Data records –
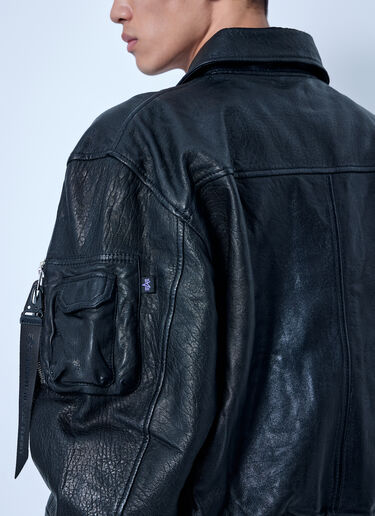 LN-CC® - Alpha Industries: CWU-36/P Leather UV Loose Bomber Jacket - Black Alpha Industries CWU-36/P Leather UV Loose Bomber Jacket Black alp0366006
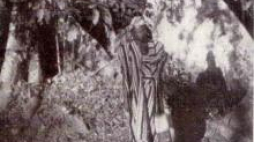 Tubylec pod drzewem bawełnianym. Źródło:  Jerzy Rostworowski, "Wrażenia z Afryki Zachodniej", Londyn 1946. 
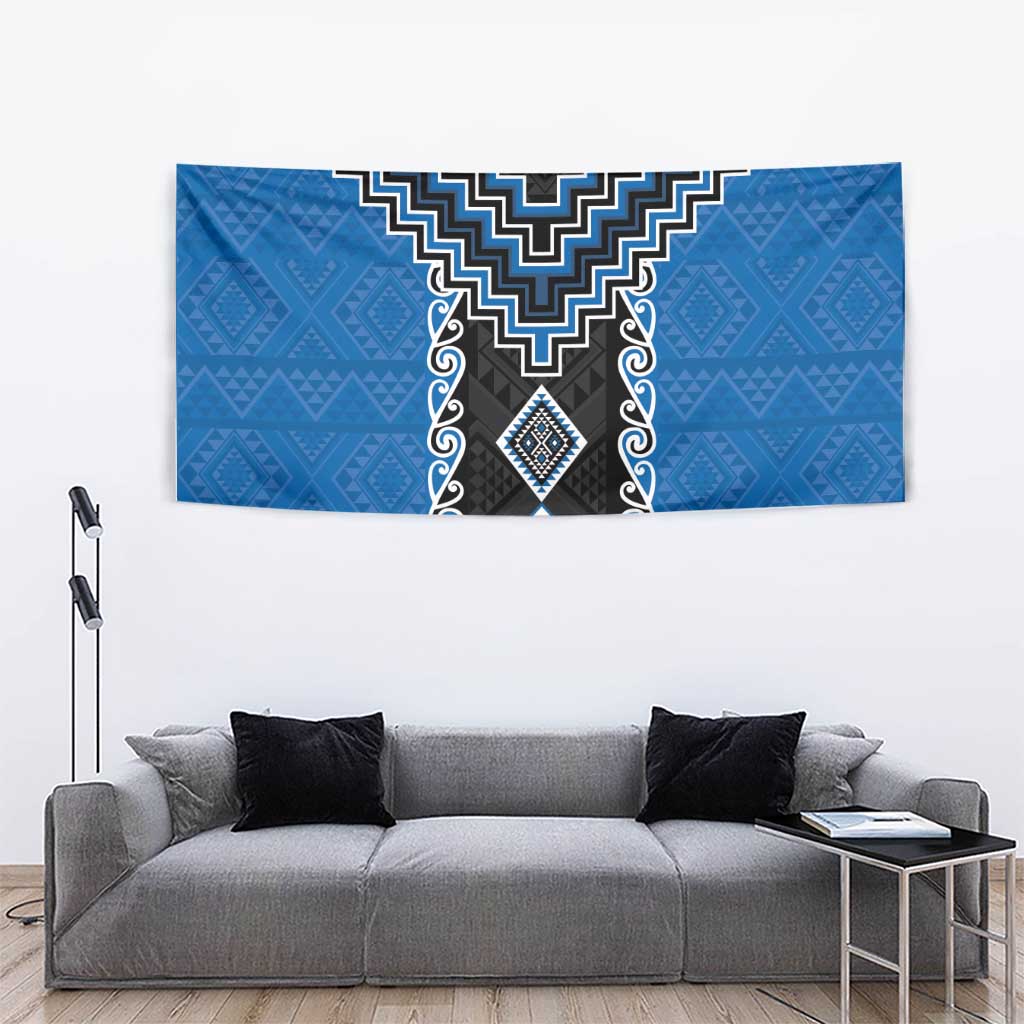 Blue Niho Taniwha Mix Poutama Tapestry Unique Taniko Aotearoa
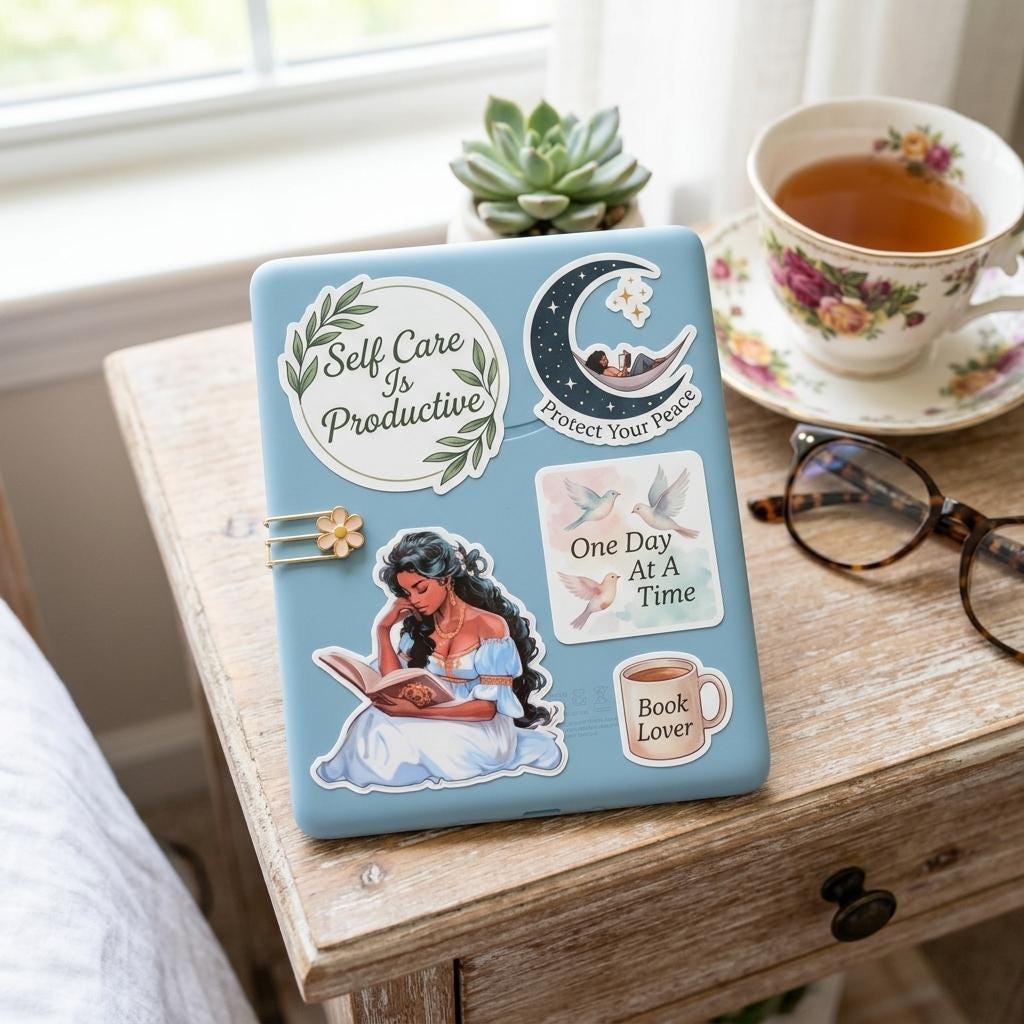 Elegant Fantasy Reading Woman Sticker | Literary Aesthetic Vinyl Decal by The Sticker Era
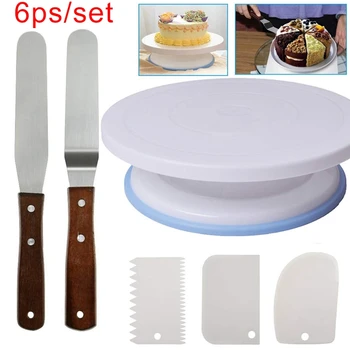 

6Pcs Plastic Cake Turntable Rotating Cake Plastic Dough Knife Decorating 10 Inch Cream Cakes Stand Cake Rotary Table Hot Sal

What is expected – An exact transcription is needed, covering the line with "Tubylec pod drzewem" and every line after it to the end of the entries, but not the pictures.

Solution to the problem –
 Tubylec pod drzewem bawełnianym. Źródło:  Jerzy Rostworowski, "Wrażenia z Afryki Zachodniej", Londyn 1946. 
 Blue Niho Taniwha Mix Poutama Tapestry Unique Taniko Aotearoa
 Elegant Fantasy Reading Woman Sticker | Literary Aesthetic Vinyl Decal by The Sticker Era

6Pcs Plastic Cake Turntable Rotating Cake Plastic Dough Knife Decorating 10 Inch Cream Cakes Stand Cake Rotary Table Hot Sal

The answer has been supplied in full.